Imigrantes ilegais. Assim lhes chama o mundo. Ora. Vá lá dizer a alguém que está a lutar pela vida que é ilegal. Lutar pela vi­da, disse. E repito. Não sair da sua zona de conforto, como propunha há tempos um primeiro-ministro de uma nação europeia quando exortava o seu povo à emigração. Nem sequer para ter uma vida melhor, dar um futuro mais sorridente aos filhos. Sem qualificativos. Dar um futuro aos filhos. Lutar pela sobrevivência. Por não morrer à fome, à sede, às mãos de um bando de crimino­sos, por ter uma religião diferente, uma etnia diferente, uma ori­gem diferente, um país diferente. É ilegal, isso?

Talvez seja, então. É assim o nosso mundo. Complexo. Como uma espécie de puzzle. Às vezes as circunstâncias fazem que as peças se ajustem. O nosso côncavo bate com o convexo de outrem e tudo se ajusta. As nossas necessidades complementam-se. Uns são pobres, outros ricos. Os ricos precisam dos pobres como os pobres precisam dos ricos. O problema é quando vem uma ra­banada de vento e as peças se baralham todas. Uma guerra. Uma crise. Um desastre natural. E a equação deixa de funcionar.

Aí transformamo-nos em nós e os outros. Às vezes, os outros já fomos nós – mas agora, porque já não somos, estamos tão diferentes deles. Houve tempos em que gente da nossa África ne­gra chegava a Portugal com a mesma ilegalidade nos documen­tos, a mesma pobreza de vida, e a mesma esperança no futuro. Houve outros tempos, um pouco mais antigos, em que essa pobre­za era a nossa, os passadores dos Pirenéus as nossas barcaças do Mediterrâneo, e os bidonvilles franceses as nossas aldeias de refu­giados. Agora… Agora tudo isso parece tão distante.

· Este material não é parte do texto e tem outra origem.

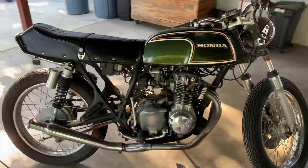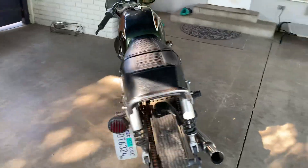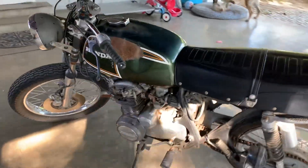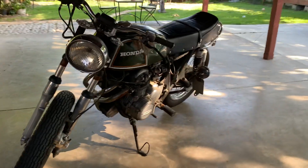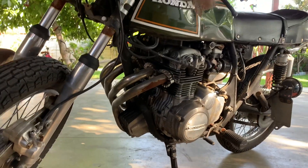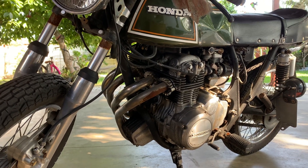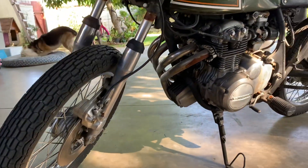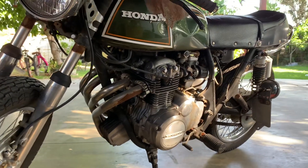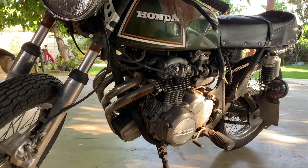This is one of the first four-cylinder motorcycles out there and one of the smallest CC — even till this day there are 250cc bikes, but this was the first four-cylinder 350cc. You can imagine the cylinders have got to be super tiny. I've had this for about 10 years now.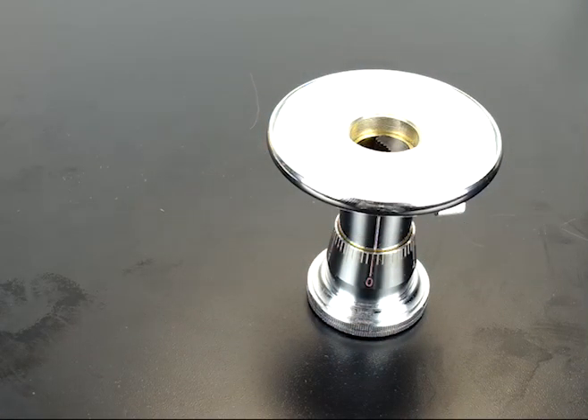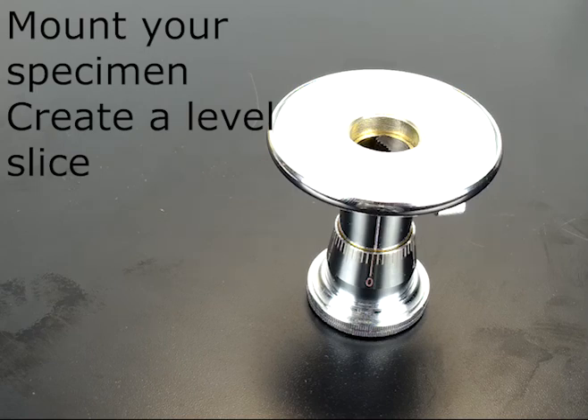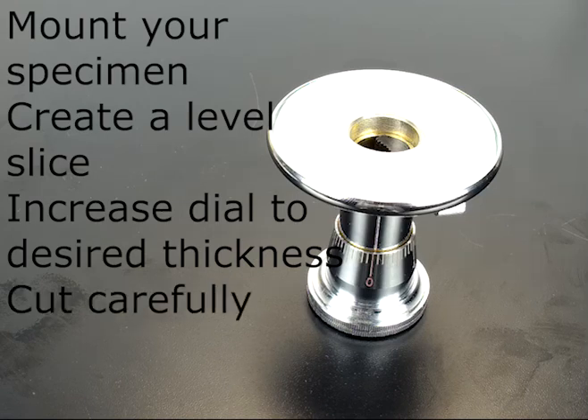There are just a few simple steps to use this apparatus. First, mount your specimen, lock it in place, create a level plane, then increase the central piston until you have your desired thickness, and then carefully cut your final thin section.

E no entanto… Tantas coisas em comum. Em cada emigran­te – legal ou ilegal – há sempre um corpo cansado da viagem, uma alma dilacerada pelas saudades, as mãos calejadas pelo tempo, os pés frágeis de pisar caminho que não se conhece, os ombros caí­dos num misto de medo e reverência para com quem teve mais sorte. A cabeça para baixo, as costas curvadas, tudo o que contri­buir para que não se repare neles.

Para quem está atento, essas coisas ficam para segun­do plano, porque o que interessa mesmo são os olhos cheios. Vi­vos. Olhando à volta e absorvendo. É como se dissessem que enquanto não acabar tudo há esperança. Enquanto houver esperan­ça há futuro. São esses os olhos que vemos nos sobreviventes dos naufrágios do Mediterrâneo. Abafam a tristeza da situação. Não nos dê Deus aquilo que conseguimos aguentar.

Como é que se reage às imagens da última semana? De coração apertado ou razão alerta? É tão difícil não ser simplista pe­rante os meninos descalços e molhados que saem dos barcos que os salvaram. Venham todos, apetece dizer. Aqui há lugar para vocês, apetece dizer. É assim que reage uma pessoa digna desse nome num caso destes. Chora com compaixão. Mas o que fazer quando se é lí­der de uma instituição, representante de um país? Como não pare­cer cruel? Não me digam que não é cruel dizer que se tem de des­truir estes barcos – uma das medidas propostas pela UE – para dei­xar os problemas longe do nosso território. Que se vai devolver os que tentam sair aos lugares de onde fogem – sendo que lá, do outro lado, reside a mesma ameaça que os fez fugir. Os que chegam po­dem até ir parar aos campos de refugiados, podem até ser salvos, mas espera-os um purgatório longo e penoso até obterem direito a uma vida normal. É possível agir macro e sentir micro? Ao mesmo tempo? É esse o desafio que se coloca à Europa em geral e a cada eu­ropeu em particular. Assim saibamos estar à altura.